Being a student was as much an embodied practice as being a stay-at-home mother, but I’d been in the habit of dismissing the physical components of being a grad student as separate from the mental ones. I was raised with the notion that your body is like a machine, in the sense that it’s an instrument of your will or vehicle for your consciousness. Ideally your body was supposed to execute your wishes automatically, without any complaining or talking back, and if your body impacted your mind or drew attention to the way it functioned, that by definition meant it was functioning poorly.

As a student, this led me into over-caffeinated asceticism as the demands of grad school pitted me against my body. If I loved what I was studying, if I wanted to look competent, if I wanted to do right by my students, wouldn’t I find a way to muster myself, no matter how tired or sick I was? My relationship to my body was about control. I was reasonably good at it, too, in that sense of being good that means you’re fucking yourself up and living an unsustainable lifestyle.

This kind of mind-body dualism has the problem not only of being wrong–our consciousness is fundamentally embodied–but it also naturalizes normative standards of productivity (by concealing their material basis and so homogenizing it) and stigmatizes physical demands that might get in the way of those standards. But though I thought I’d denounced dualism years ago, it still creeps into my expectations for myself.

The idea that our bodies should be like machines makes the dreamy physicality of motherhood seem unreal: not really necessary for babies, not a real job, not what makes you uniquely special, and a waste of your “true” or “inner” potential. It’s a cultural bias based on seeing mind and body as separate, and seeing the talkative mind as the real self. From my experience, I’d hazard that the bias is instantiated in part through socially mandated repression of the relationships to our mothers’ bodies. In any case, this kind of dualism suggests that babies grow because it’s just what their bodies do, and the details of their physical experiences don’t matter as long as they get the mechanics down eventually.  Because the model has no way of valuing my quiet presence the way Rebecca does, it gives you the impression that taking care of a baby happens at the mother’s expense rather than through her lively engagement.  We imagine that what a mother does with her body doesn’t depend on her will, personality, and character, and see the gauzy slowing and softening effect that gestating and nurturing a baby has on many women’s minds as unfortunate and not beautiful.

Well, I don’t think it’s beautiful.

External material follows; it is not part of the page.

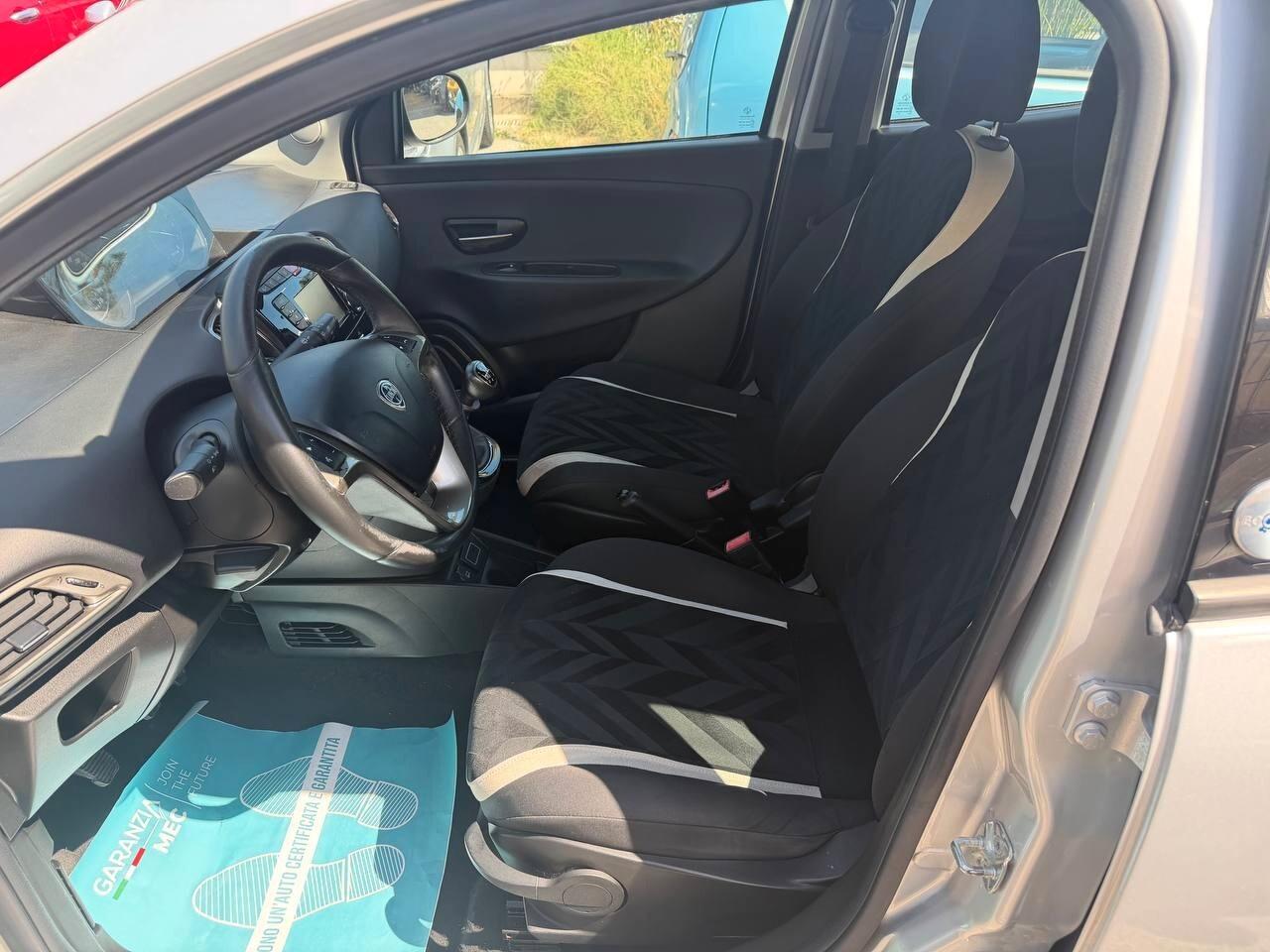 Lancia Ypsilon 2016 1.2 69 CV 5 porte GPL Ecochic Platinum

I’m not there yet. I’m floating the possibility anyway.

But I am there now! It’s one reason I wrote Just Like Magic (1) and the last part of Just Like Magic (3), to talk about how being immersed in Rebecca’s physicality has opened me up to a different set of joys and a different way of knowing things than I had as a grad student. Though I sure am glad to have two-handed time to write about it.

I’m also posting this for Ted. I’m afraid he’ll feel guilty when he remembers how I struggled with his new job, but what I want is for him to know that it’s not about my life versus his at this point, because all the stuff about productivity standards applies to him, too. When you’re swimming against the surge, don’t worry about why you’re not swimming faster.

Just Like Magic (3)

One Monday morning at the end of January, I was standing at the new espresso machine making myself a cappuccino, when Rebecca came up behind me. She was holding a moka pot and a can of shaving cream, and broke into a huge grin when I saw what she had: Coffee with foam!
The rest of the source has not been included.